Les origines d'Eliézer (ou, en anglais, Eleazar) Williams sont assez floues. Issu d'une tribu nord-amérindienne, il était pourtant blond aux yeux bleus, ce qui pouvait laisser penser que son vrai père n'était pas le chef Tehoragwanegen. Ce dernier, converti au christianisme sous le nom de Thomas Williams, était cependant lui-même un métis (sa mère était une anglaise enlevée par les Iroquois lors du raid sur Deerfield[2]) et il avait peut-être eu ce fils d'une mère blanche. Malgré cette hypothèse du métissage ou celle d'une forme d'albinisme, certains auteurs prétendirent qu'Eliézer était un enfant trouvé ou adopté, dont les vrais parents étaient blancs.

Séparé de sa tribu, Williams fut élevé à Longmeadow (Massachusetts) et termina ses études dans une école de théologie. Pendant la guerre anglo-américaine de 1812, il essaya en vain de soulever les Amérindiens du Canada contre les Anglais, prit part à plusieurs combats et fut blessé lors de la bataille du lac Champlain.
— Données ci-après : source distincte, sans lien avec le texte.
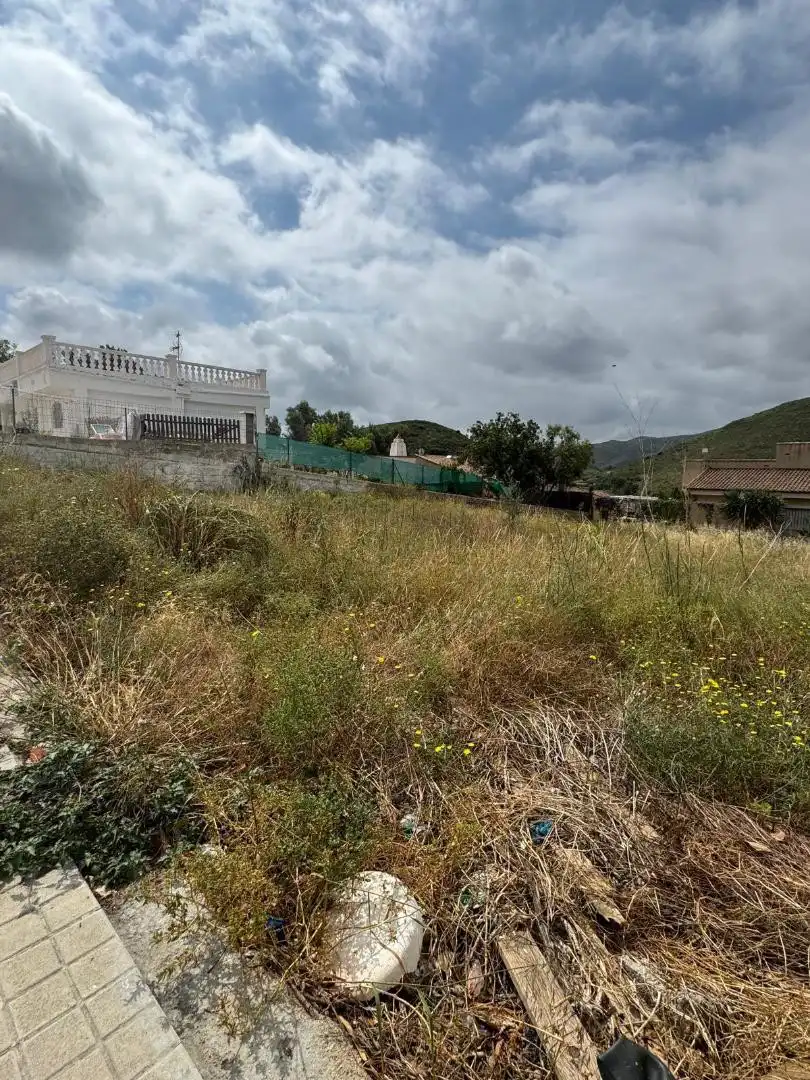 Terreno residencial en venta en Montroi / Montroy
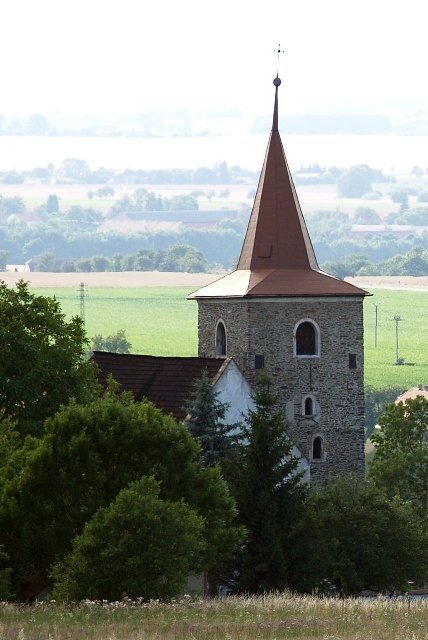 Při obnově kostela Navštívení Panny Marie ve Vysoké na Kutnohorsku se již podařila udělat izolace stavby a výměna střechy. Na opravu čeká také kostelní věž.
Après la guerre, il se fit missionnaire auprès des Oneidas de la région de Buffalo avant d'être ordonné diacre de l'Église épiscopale en 1826. Afin de faciliter la conversion des Amérindiens, il traduisit le Livre de la prière commune en mohawk.
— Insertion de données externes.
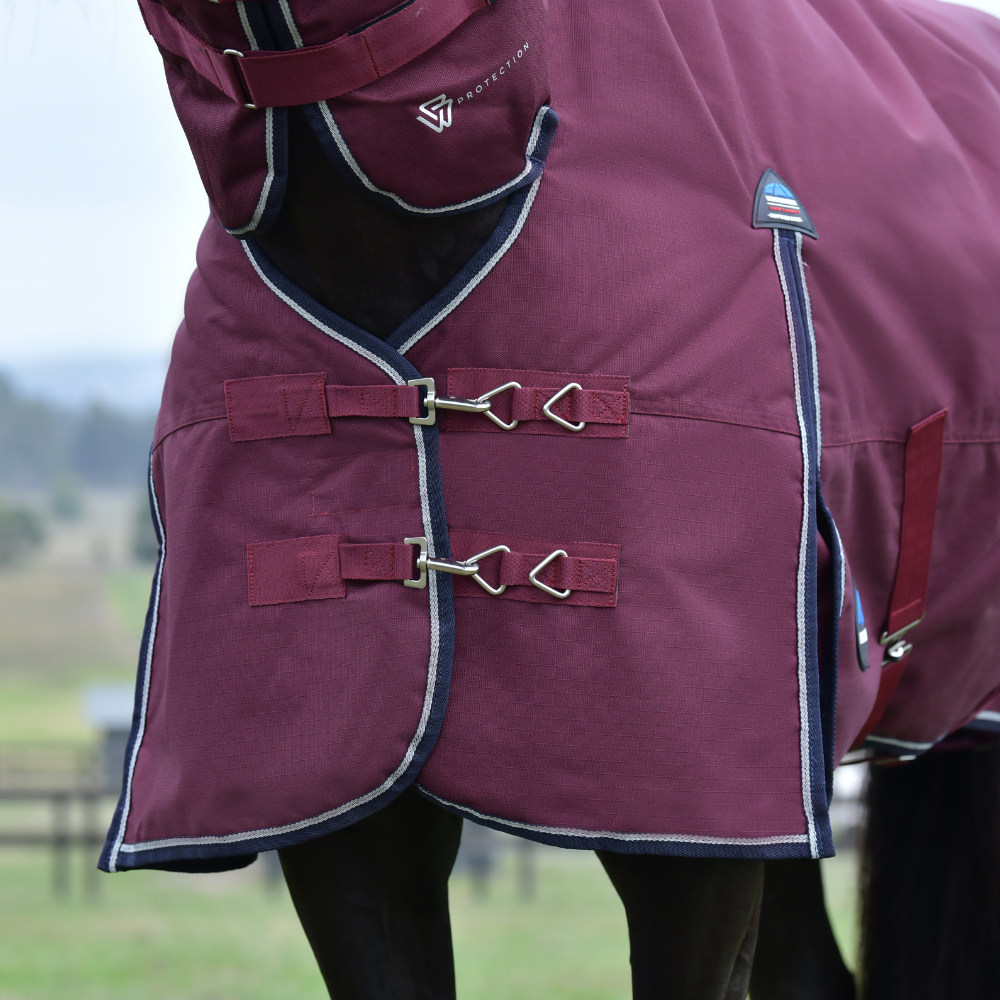 Weatherbeeta Comfitec Essential 220G Combo Turnout #colour_burgundy-navy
Marié depuis 1823 avec une métisse franco-amérindienne nommée Marguerite Jourdan, il eut plusieurs enfants.

En 1842, alors qu'il était en mission d'évangélisation auprès des Indiens du Wisconsin, il fut grièvement blessé à la tête par la chute d'un arbre et aurait perdu la raison. C'est à partir de ce moment-là qu'il aurait prétendu être Louis XVII, fils de Louis XVI et de Marie-Antoinette[1]. Cette revendication, connue en France dès 1849, fut prise à sérieux par plusieurs personnes à la suite du révérend John H. Hanson, qui défendit cette thèse dans un livre intitulé The Lost Prince (New York, 1854).
Dans cet ouvrage, Hanson prétend que le dauphin avait dû être mis à l'abri de la Révolution française et, par conséquent, envoyé secrètement en Amérique. L'enfant mort au Temple en 1795 aurait donc été un remplaçant du véritable Louis XVII, alias Eliézer Williams. L'accident de ce dernier ne lui aurait pas fait perdre la raison mais lui aurait, au contraire, rendu la mémoire. Brodant autour de l'un des voyages en Amérique du prince de Joinville, Hanson ajoute que le fils de Louis-Philippe aurait rencontré Williams pour lui acheter sa renonciation au trône de France en faveur de la maison d'Orléans.
Cette rencontre avait bien eu lieu en 1841, mais la conversation entre le pasteur et le prince n'avait concerné que l'histoire de la présence française en Amérique du Nord.

Notes et références[modifier | modifier le code]

  1. a et b Selon R.L.C. (cf. biographie). Dans les autres versions, plus anciennes, de l'histoire de Williams, celui-ci n'aurait pas perdu la raison, la « révélation » ayant été surtout l'œuvre de tierces personnes comme Hanson.
  2. Magazin für die neueste Geschichte der evangelischen Missions und Bibelgesellschaften, 4e livraison, Bâle, 1834, p. 547 et sq. (traduction française dans Le Semeur, t. IV, no 44, 4 novembre 1835, p. 349 et sq.).

Bibliographie[modifier | modifier le code]

  • Léon de La Sicotière, Les Faux Louis XVII, Paris, V. Palmé, 1882, p. 127-132.
  • R. L. C., « Un faux dauphin indien : Eleazar Williams », Journal de la société des américanistes, vol. 20, no 20, 1928, p. 393-395.